IRREFORMÁVEL!
Desde velhíssimos tempos, há, nos governos desta terra, um ilustre membro encarregado de uma coisa a que se deu o nome de “reforma administrativa”.
Pouco se tem reformado, isto é, as mudanças que tem havido são mais as que a evolução dos tempos e das tecnologias têm imposto do que as que se poderia classificar como fazendo parte daquilo a que, hoje, se dá o nome de reforma do Estado.
Praticamente tudo o que poderia fazer jus a tal nome é objecto de feroz resistência de toda a gente: sindicatos, ordens, parceiros sociais, partidos de oposição, corporações profissionais, técnicos disto e daquilo. A sociedade, parece que no seu todo, é avessa a mudar seja o que for. Por exemplo, no tempo dos governos do senhor Pinto de Sousa, justiça lhe seja feita para o bem como para o mal, aliviou-se uma série de procedimentos que infernizavam a vida das pessoas com papéis, repartições, perdas de tempo e de paciência, conflitos burocráticos, etc. Mas manteve-se tudo o resto. É verdade que foi tornado possível tratar inúmeros assuntos sem sair de casa, por via electrónica. Mas as diligências, as autorizações, as entidades fiscalizadoras, a via diabólica manteve-se igualzinha ao que era, ou pior. Melhorou-se, por exemplo, o calvário da comunicação entre as repartições públicas, deixou, em muitos casos, de ser preciso andar de balcão em balcão para dar conhecimento a uma do que outra tinha feito. Mas manteve-se a inumerável parafernália de diligências para tudo e para nada, bastando que, algures, um funcionário, ou mal disposto ou a achar-se zeloso, ponha um grão de areia qualquer que tudo faça parar. Isto, apesar de todos os simplexes, simplis, etc.
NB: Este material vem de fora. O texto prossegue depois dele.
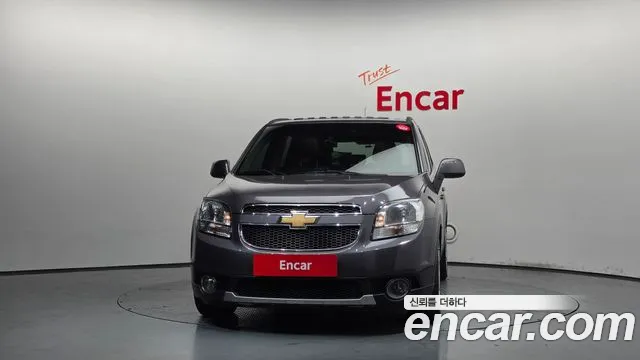 Chevrolet Orlando 2011 thumb 3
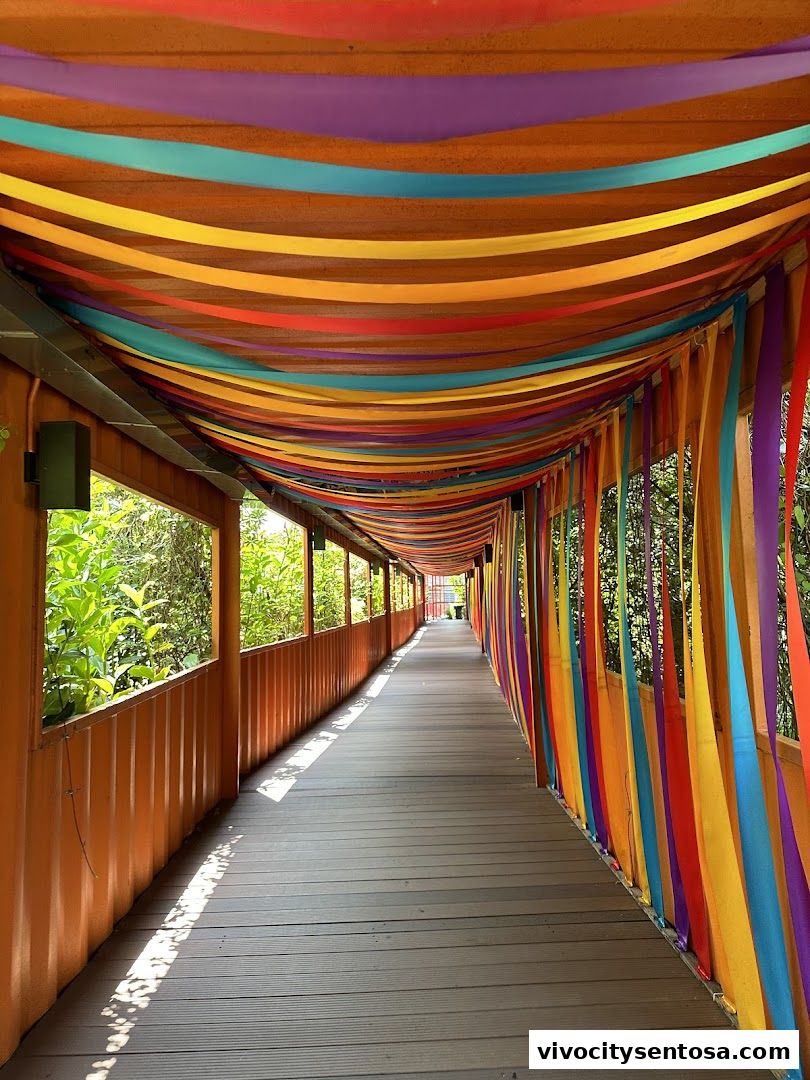 Market Hall Sentosa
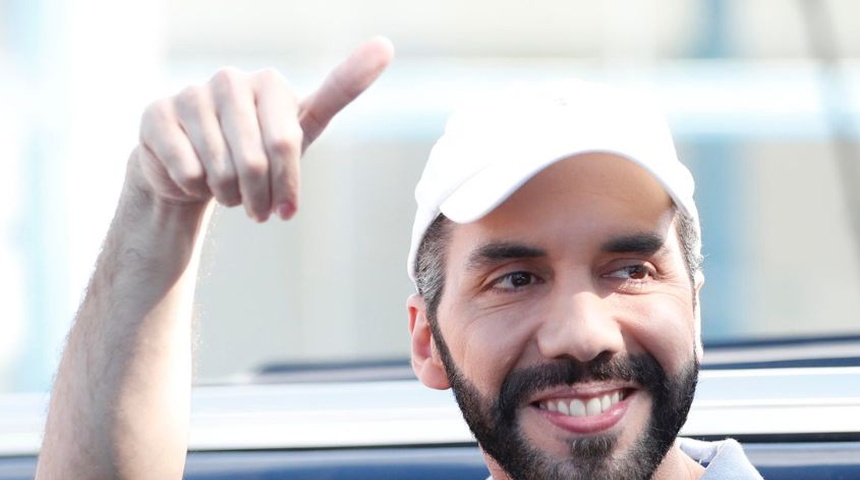 china panama felicitan nayib bukele el salvador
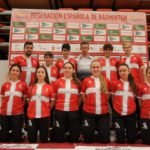 El Club Bádminton Cartagena logra la permanencia en Primera B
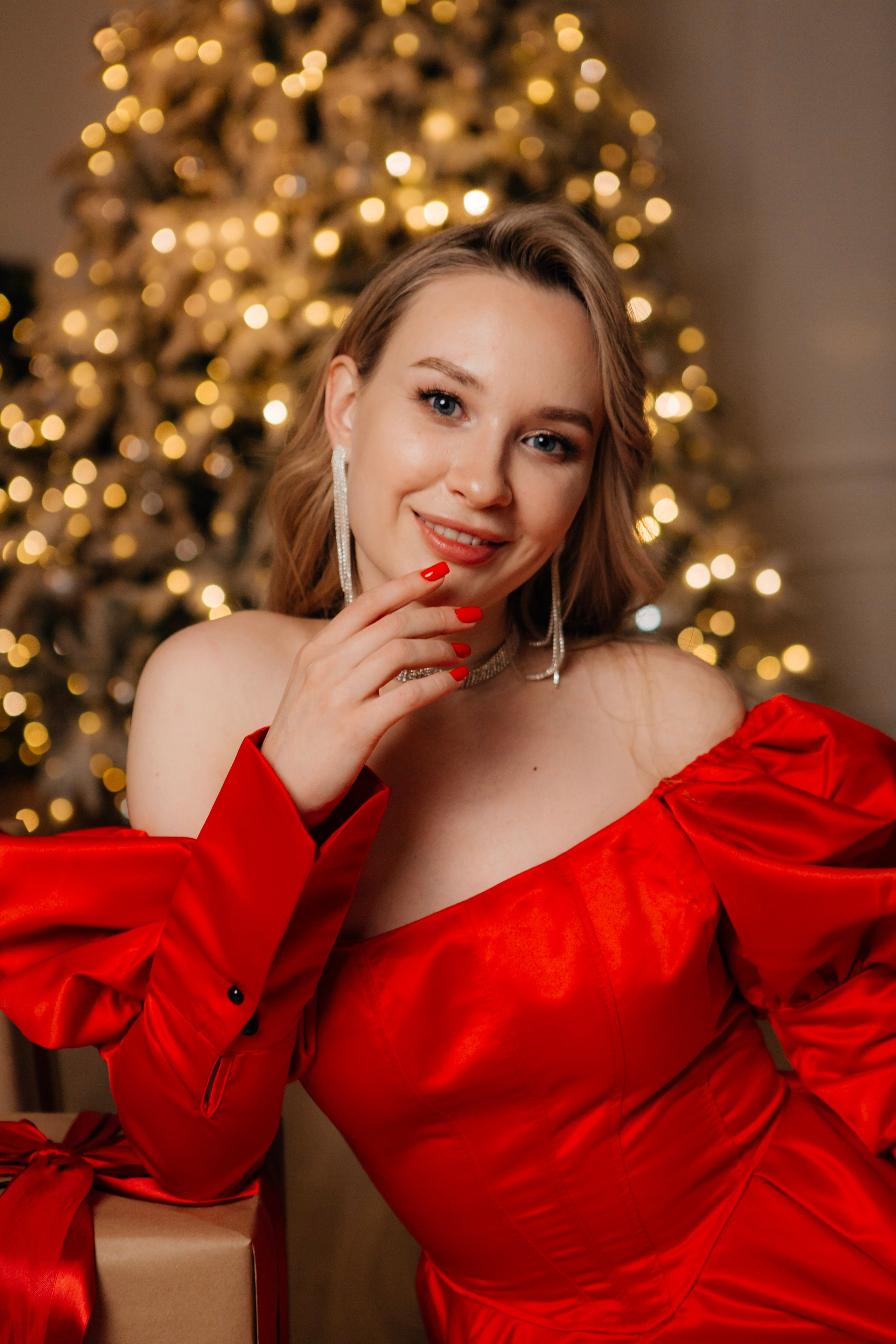 Индивидуальная новогодняя. Photographer EKATERINA RUSKIKH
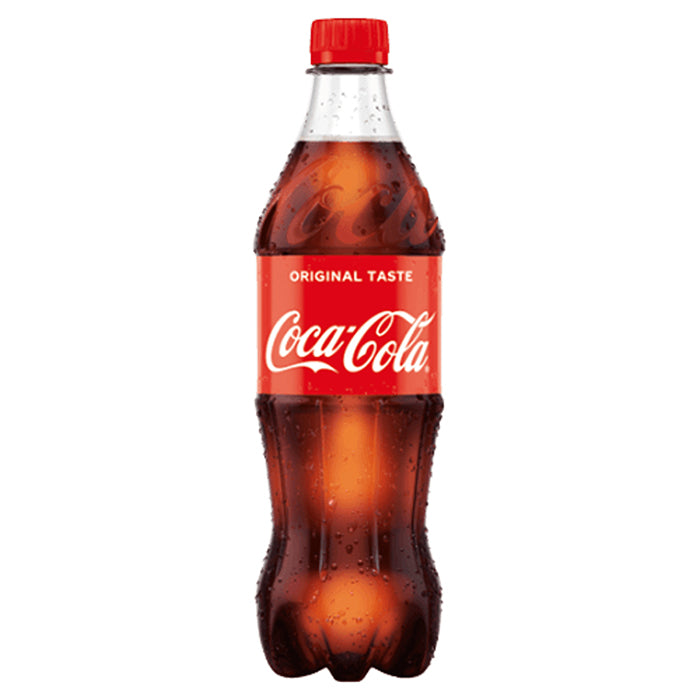 Coca-Cola 0,5 l EW PET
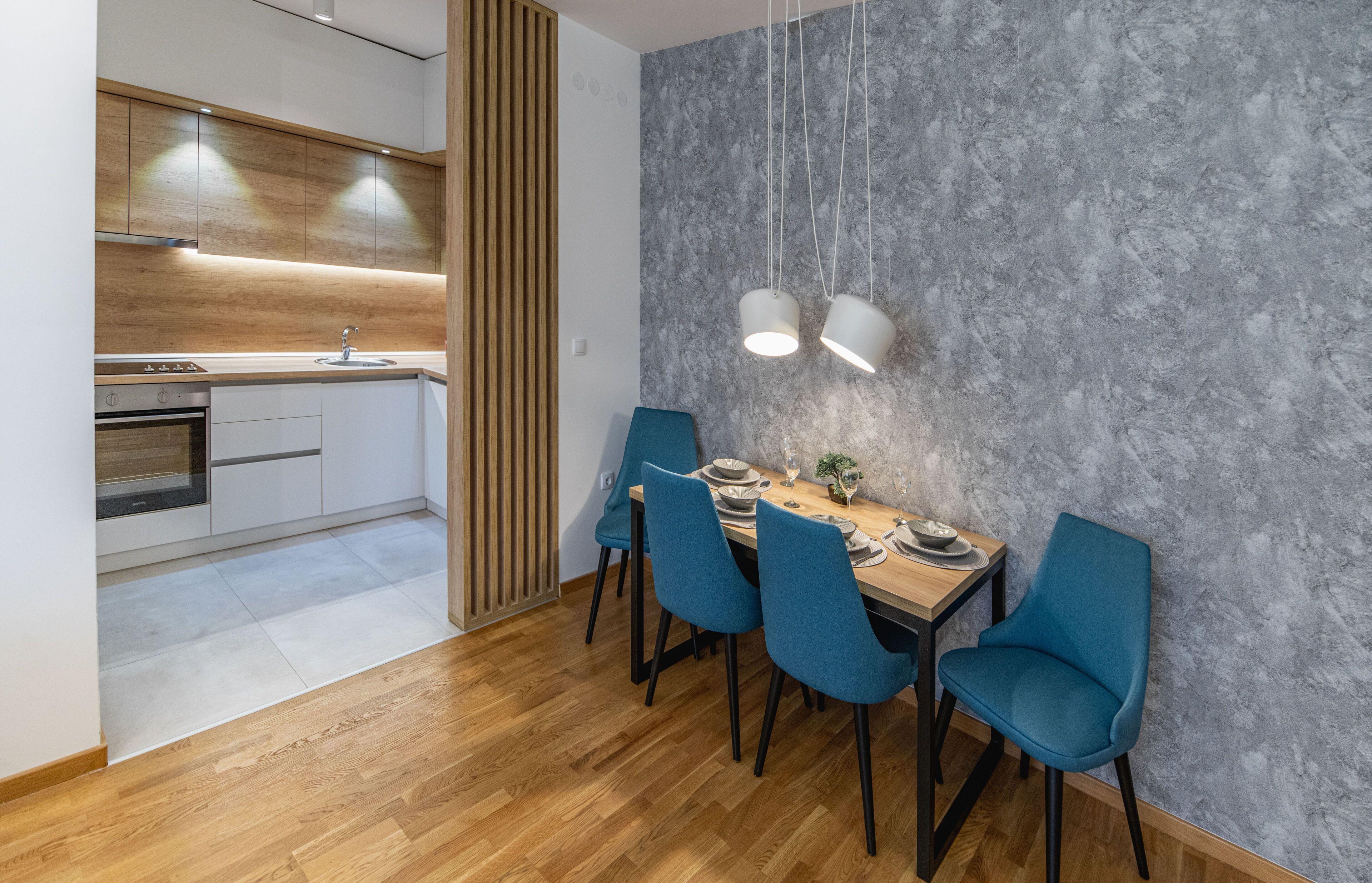 Apartment, 2 Schlafzimmer (22) | Wohnbereich | Flachbildfernseher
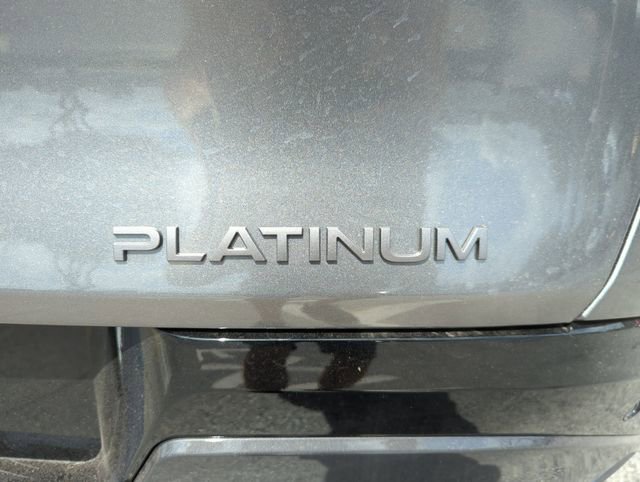 New 2026 Nissan Murano Platinum w/ Cargo Package image 22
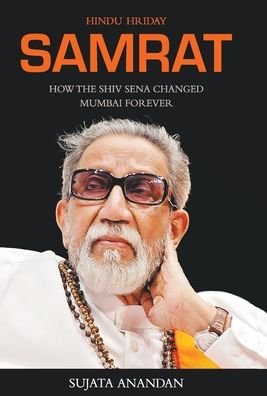 Cover for Sujata Anandan · Samrat (Hardcover Book) (2014)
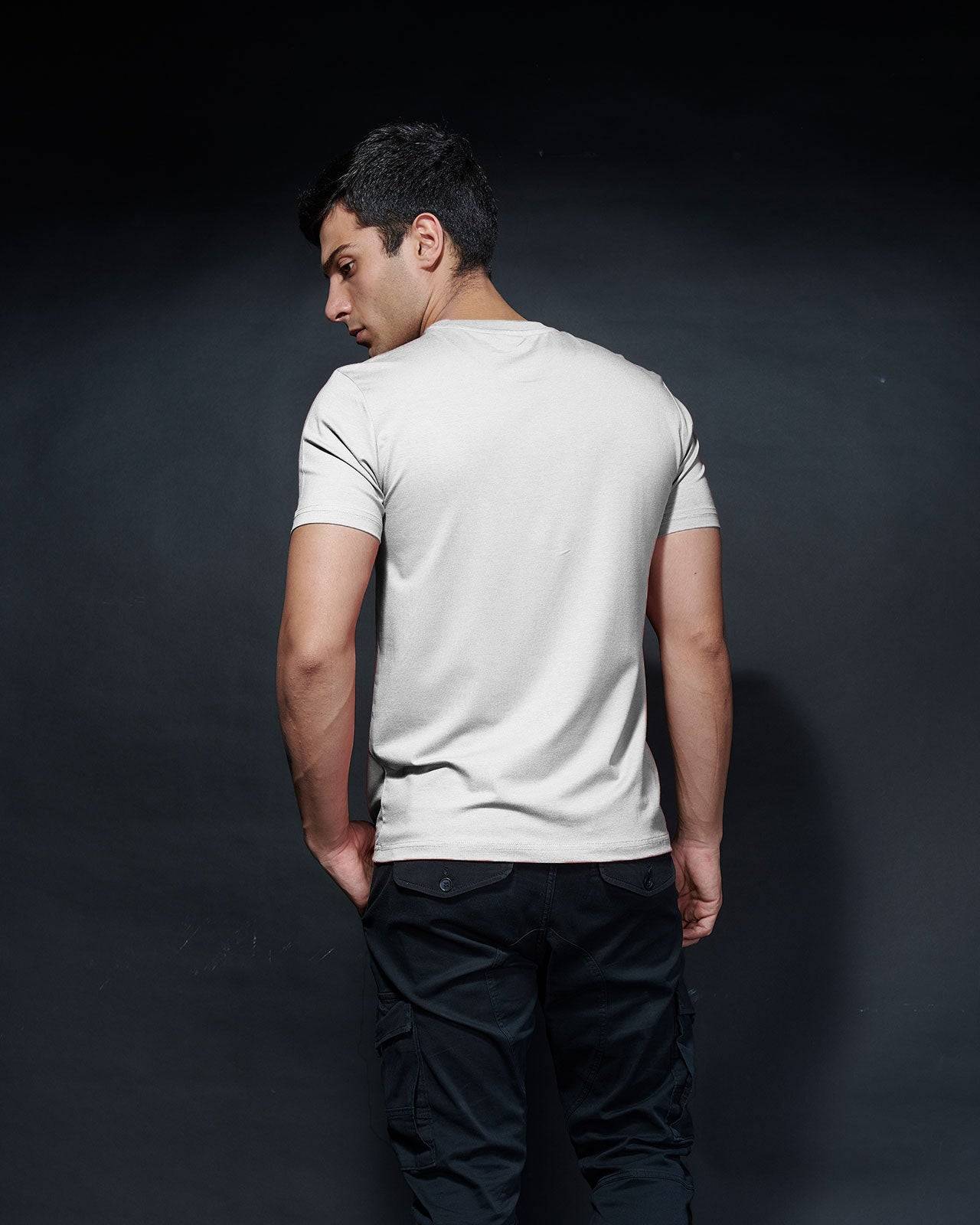 Bamboo Classic Crew Neck T-Shirt – Interwove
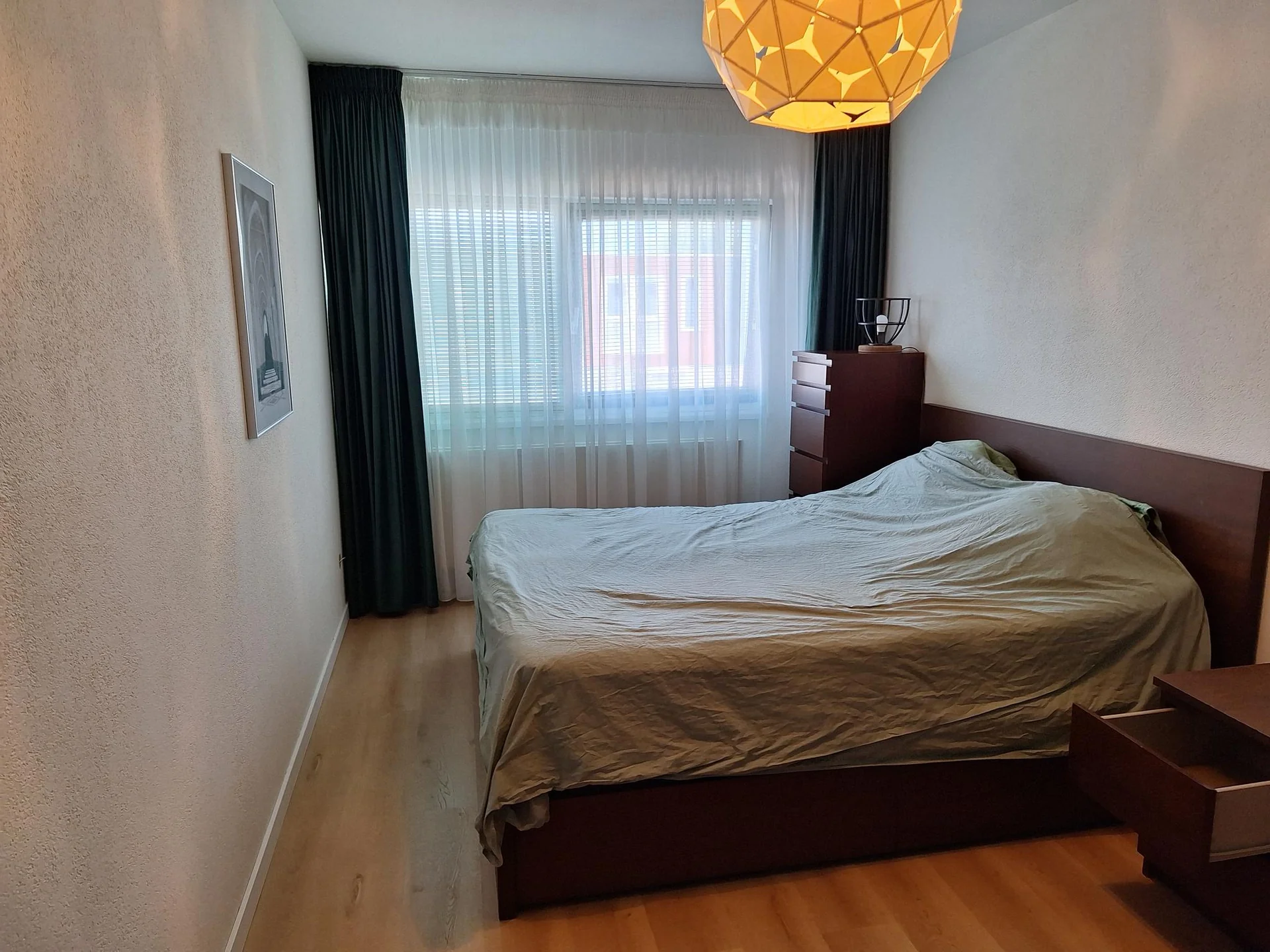 Foto van de Kamer gelegen aan de Jozef Israelslaan in Almere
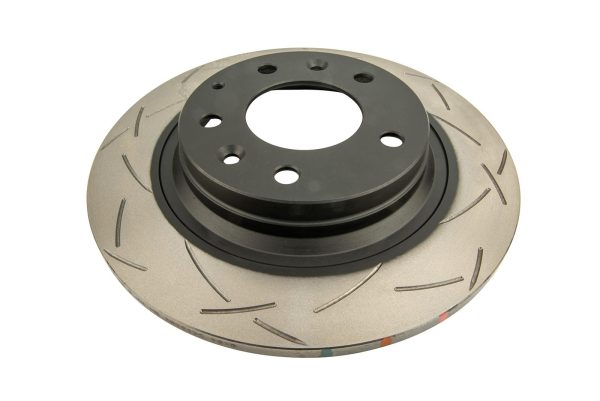 DBA42951S_T.jpg DBA 4000 Series T3 Slotted Rear Disc & Xtreme Performance Pad Kit 280mm for Mazda MX5 (Mk3) (NC)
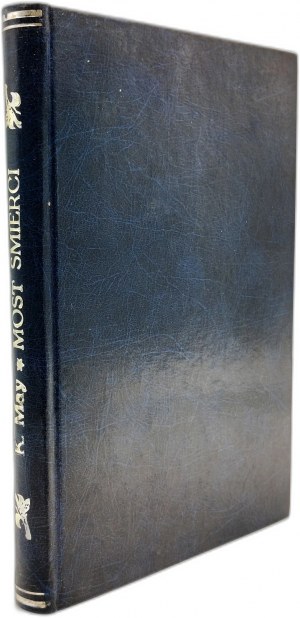 Charles May - Bridge of Death - Krakow 1993 [ decorative binding ].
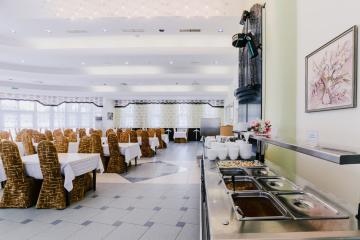 Отель Azimut Здоровье Солнечный санаторий (Кабардинка) Россия, Геленджик, фото 28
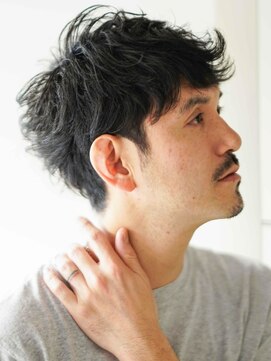 サーカス バイ ビュートリアム 青山(CIRCUS by BEAUTRIUM) 大人上品な2ブロックヨーロピアンウェーブ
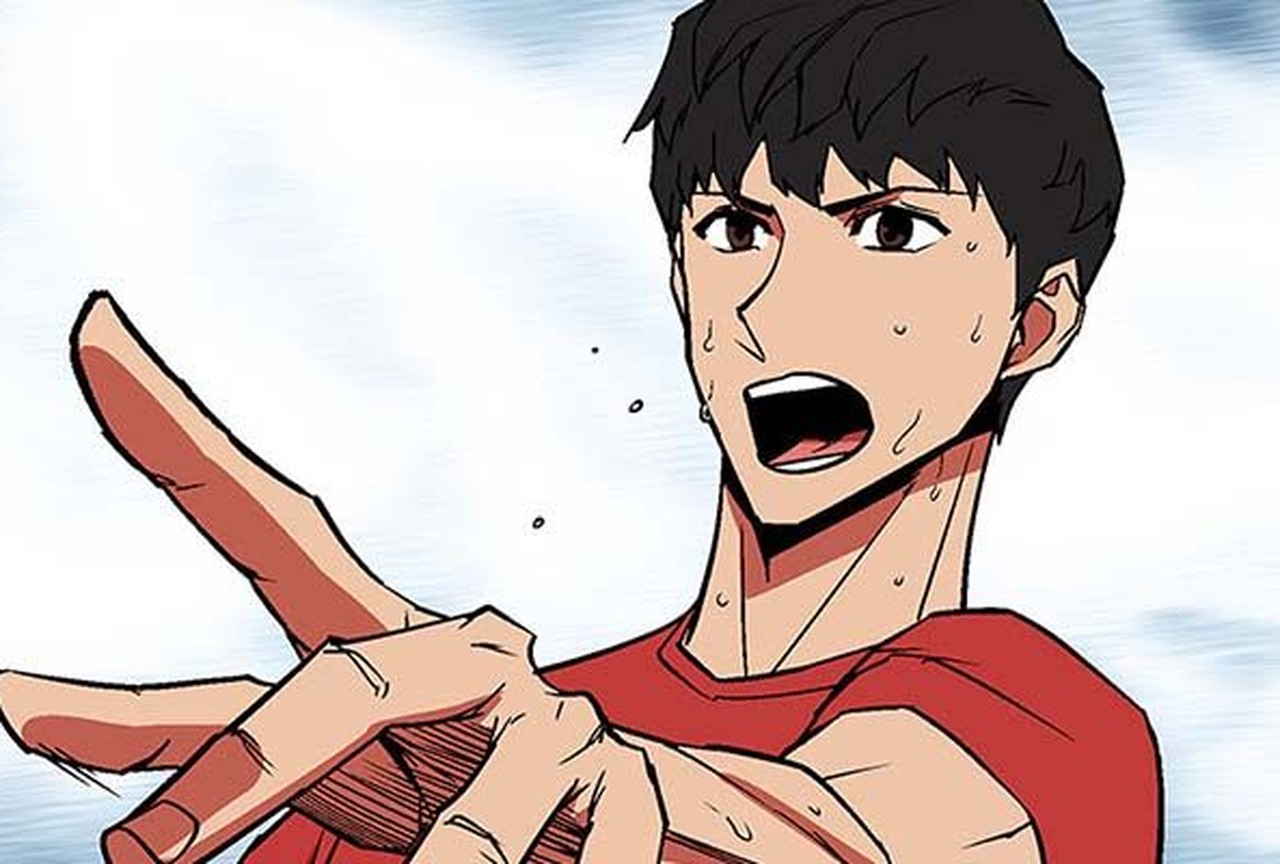 Soccer Level : Godlike - Episode 63 - ONO Webtoon et Manga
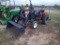 YANMAR YM1500 FARM TRACTOR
Alterou-se o adjectivo para melhor. Mas o substantivo manteve-se, quando não piorou. Em resumo, reforma alguma foi feita.
Actualmente, à mais pequena modificação estrutural que se tente, cai-lhe a sociedade em cima com protestos, greves, “estudos”, queixinhas e queixetas, um sem número de resistências a tudo, bom ou mau, que mude seja o que for. Criou-se, e abusa-se ad nauseam da “providência cautelar” – o juiz A resove que é branco, o juiz B resolve que é preto, ninguém se entende - abusa-se da Constituição, que serve para tudo e mais alguma coisa, desde que boicote, atrase, impeça, desautorize, politize, nisto colaborando entidades supostamente respeitáveis como o Presidente da República e outros órgãos de soberania ou parte deles, no fundo tudo minha gente “resistindo” ferozmente seja a que reforma for.
Vem este arrazoado a propósito da presente greve do lixo em Lisboa. Durante décadas, a fusão de freguesias da cidade foi objectivo de várias maiorias e minorias municipais. Nunca se conseguiu levar a facto uma reforma que, de tão evidentemente lógica e necessária, se metia pelos olhos dentro. Finalmente, o camarada Costa, com o auxílio do governo e do parlamento, conseguiu levar a efeito tal objectivo. Tire-se-lhe o chapéu.
Alargado o território das freguesias, impõe-se, como é óbvio, que lhes sejam atribuídas mais competências, mais verbas próprias, maior capacidadde de conhecer os problemas de cada uma e de estar mais próximo do que há a fazer.
O município, como é natural e parece necessário, resolveu “freguesizar” a limpeza urbana. Conseguiu um plano em que não consta qualquer mexida nos chamados direitos dos trabalhadores. Veja-se o resultado: 15 dias de greve. 15 dias da mais estúpida e criminosa ignorância dos direitos de quem tal gente serve ou devia servir e que, já agora, é quem lhes paga o salário.
Se alguma utilidade esta greve tem, será a de fazer o eventual futuro líder do PS – como, aliás, o actual – perceber que o “movimento sindical”, leia-se as forças da destruição e da incivilidade, continuará a sua “missão”, seja com que governo for, desde que goze de liberdade para tal.
O que leva a pensar que a solução do problema só tem duas vias. Ou se entra num regime de “socialismo real”, de esquerda ou de direita, onde certos direitos simplesmente deixam de o ser, ou a democracia tem que assumir que, para sobreviver, tem que dar ao exercício de certos direitos de uns os limites que democraticamente lhes são próprios: os direitos dos outros.
Fica o recado, neste fim de ano, para este parlamento, este governo, este Presidente, bem como para os que se lhes seguirem.